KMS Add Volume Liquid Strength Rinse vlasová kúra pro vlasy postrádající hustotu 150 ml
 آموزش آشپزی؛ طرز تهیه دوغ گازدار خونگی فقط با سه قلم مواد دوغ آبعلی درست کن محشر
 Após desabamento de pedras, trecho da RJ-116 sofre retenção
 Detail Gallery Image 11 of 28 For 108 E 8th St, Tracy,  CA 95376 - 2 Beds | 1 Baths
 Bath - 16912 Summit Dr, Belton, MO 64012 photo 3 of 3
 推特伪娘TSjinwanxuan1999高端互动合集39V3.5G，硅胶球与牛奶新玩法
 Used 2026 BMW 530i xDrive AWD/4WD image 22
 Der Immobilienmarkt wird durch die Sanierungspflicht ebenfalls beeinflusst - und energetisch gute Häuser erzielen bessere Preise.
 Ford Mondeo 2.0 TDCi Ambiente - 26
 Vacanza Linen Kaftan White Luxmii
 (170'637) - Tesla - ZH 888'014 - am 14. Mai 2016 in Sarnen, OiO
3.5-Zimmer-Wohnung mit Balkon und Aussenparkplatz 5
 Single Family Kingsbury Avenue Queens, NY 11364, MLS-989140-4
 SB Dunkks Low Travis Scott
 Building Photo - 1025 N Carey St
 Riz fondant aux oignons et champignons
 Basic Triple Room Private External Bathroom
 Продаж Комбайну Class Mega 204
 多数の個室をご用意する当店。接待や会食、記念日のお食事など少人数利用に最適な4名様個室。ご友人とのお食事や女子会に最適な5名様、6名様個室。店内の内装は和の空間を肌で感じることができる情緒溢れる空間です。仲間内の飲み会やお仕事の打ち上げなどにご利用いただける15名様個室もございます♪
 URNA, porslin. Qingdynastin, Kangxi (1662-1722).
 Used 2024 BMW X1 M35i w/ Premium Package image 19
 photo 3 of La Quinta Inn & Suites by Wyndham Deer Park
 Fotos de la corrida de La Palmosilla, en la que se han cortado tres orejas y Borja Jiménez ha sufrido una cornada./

====

Report how many lines in the listing include the word "Used". Give nothing but the count.

**WRITTEN REPLY**:
2